Developing a Positive Basketball Culture
A positive basketball culture is the first thing you will need to build a winning basketball program. You will need to fight for this every single day in every thing you do–from the weightroom to your open gym sessions. When you face adversity your culture will be able to overcome any negativity if you have a strong foundation.
Jon Gordon is a master teacher on culture and I strongly recommend you check out some of my favorite books of his–The Energy Bus, The Power of a Positive Team, The Carpenter, and You Win In the Locker Room First.
When you start to establish your culture and identity as a positive team, you will then need to establish some core values for your program. We stole ours from Alabama and Nate Oats: Max Effort, Continuous Learning, and Selfless Love. We even tied Bible verses into these so we can reach our players spiritually.
Our program spent some money and put some cool signage up to improve our facilities with these words all around it for our players to see daily. The important thing is, you must fight for these values daily as a coach and hold your players accountable to them!
We talk about these values daily and what it means to live them out on and off the court to develop the entire individual. A few things we do is ask a player at the end of practice or a weight room session to name a core value. Then we will ask them to tell us how one player on our team lived it out today and why. This gets our kids thinking about the values constantly!

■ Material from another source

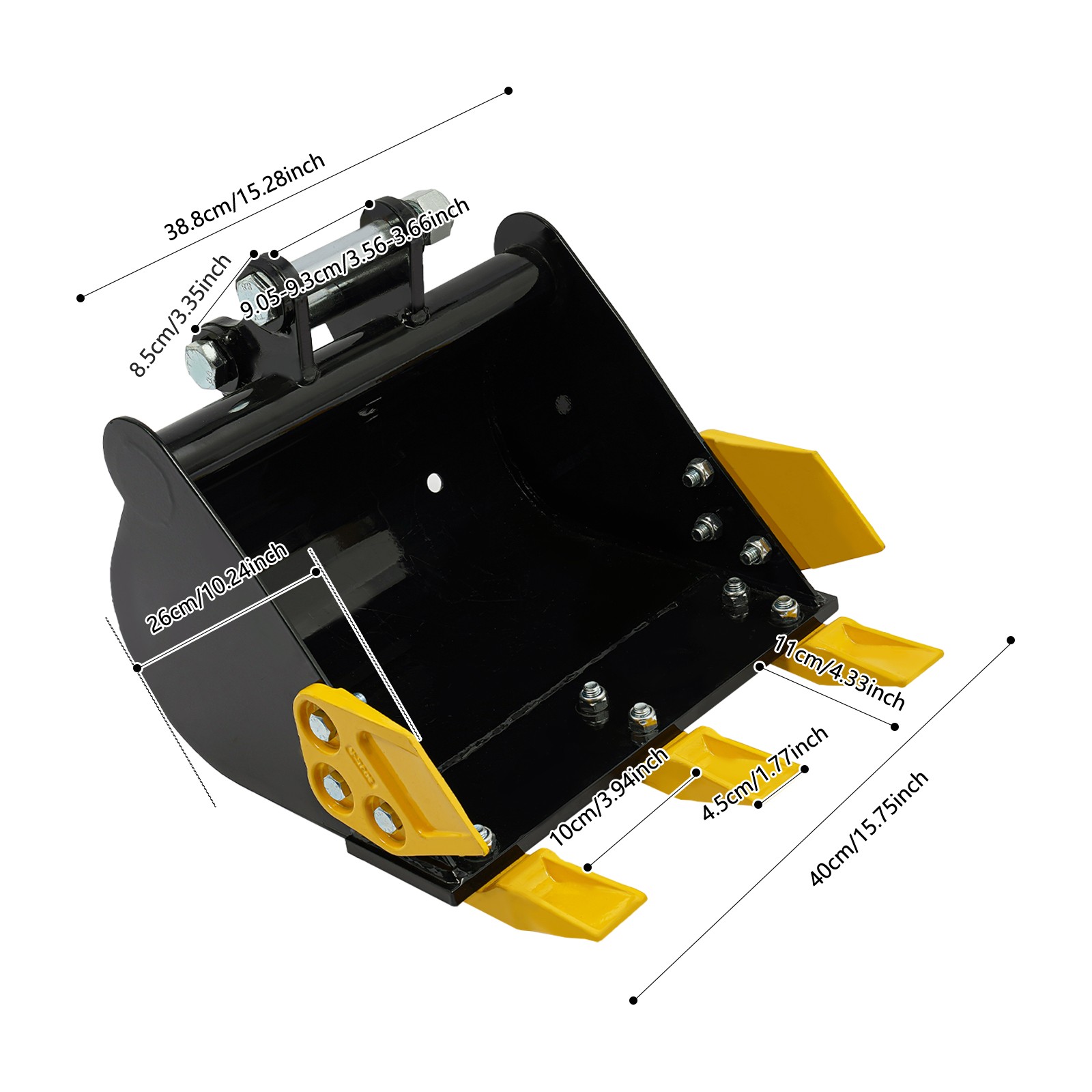 2T/4409.25 lbs Bucket Mini Excavator Bucket w/Metal Teeth ﻿Excavator Kampf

Developing a positive team chemistry always makes the season more enjoyable.
Getting Player Buy-In
When you are building your culture, you have to have players buy into your culture. One way you can do this as a coach is to have your players have some input. We asked our players to create a vision statement and standards they would like to live out daily that correlate with our core values.

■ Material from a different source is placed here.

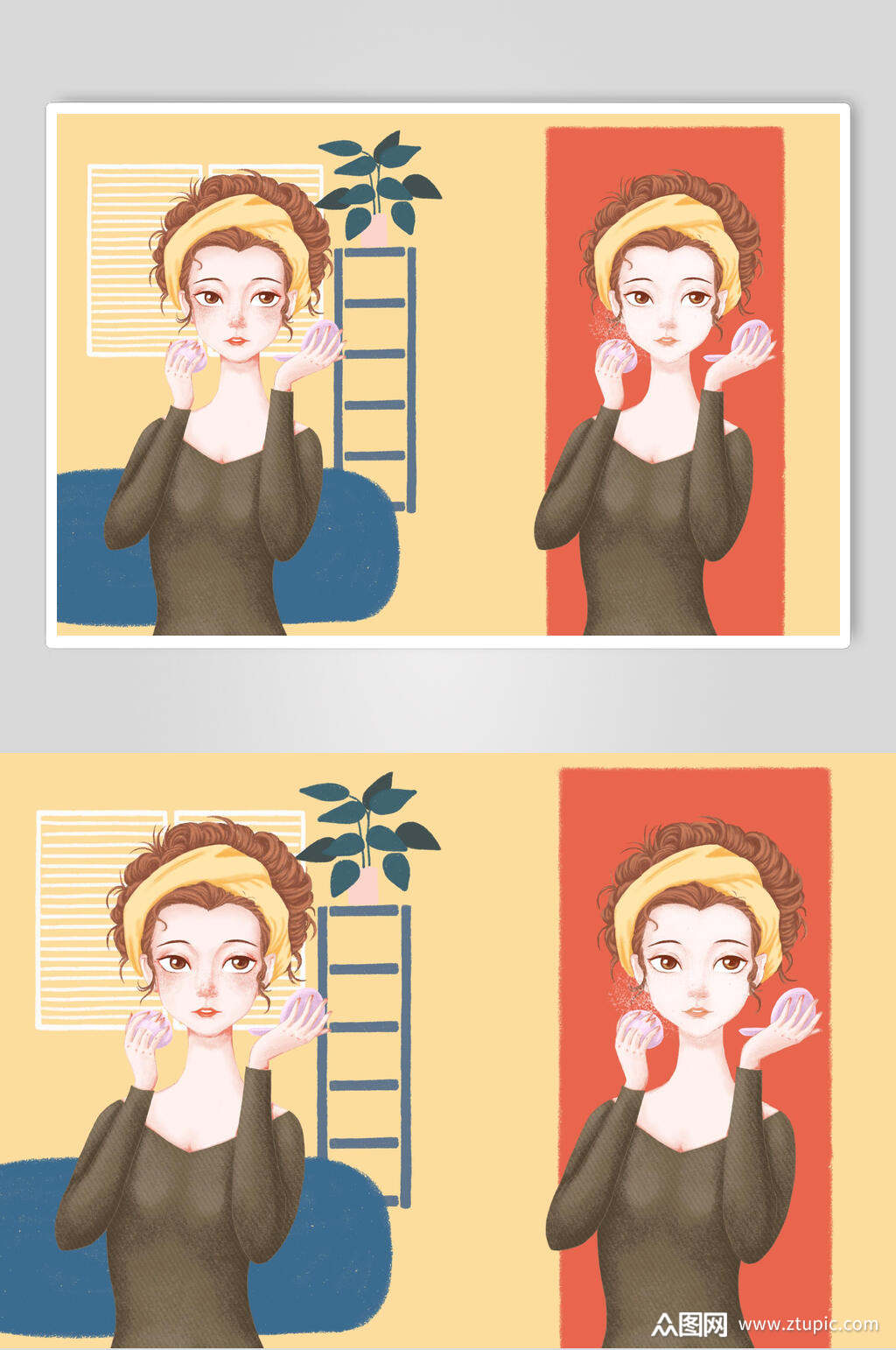 粉底美容美妆插画素材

One tip I got from a few experts on culture was don’t limit yourself when setting goals. For example: we want to win districts, go undefeated at home, and go to the State Tournament.
While those are great things, oftentimes everyone has those same goals. And what happens when you lose that first game at home? What happens when you don’t win districts but you can still advance? Or an even better question: what if your players do get complacent when they accomplish winning districts and going undefeated at home?
You can get complacent and think you achieved enough and you fall short of going even further than what you were capable of doing. So we made a vision statement instead that has seemed to really motivate our players to the next level.
They came up with the following: The FCS basketball team is a united group of brothers here to glorify Jesus through the game of basketball while exceeding the expectations of others, with the expectation to win everytime we step on the floor.
A few standards our players came up with through guided discussion include: Accountability, Communication, Elevate, Grit, Selflessness, and Servanthood.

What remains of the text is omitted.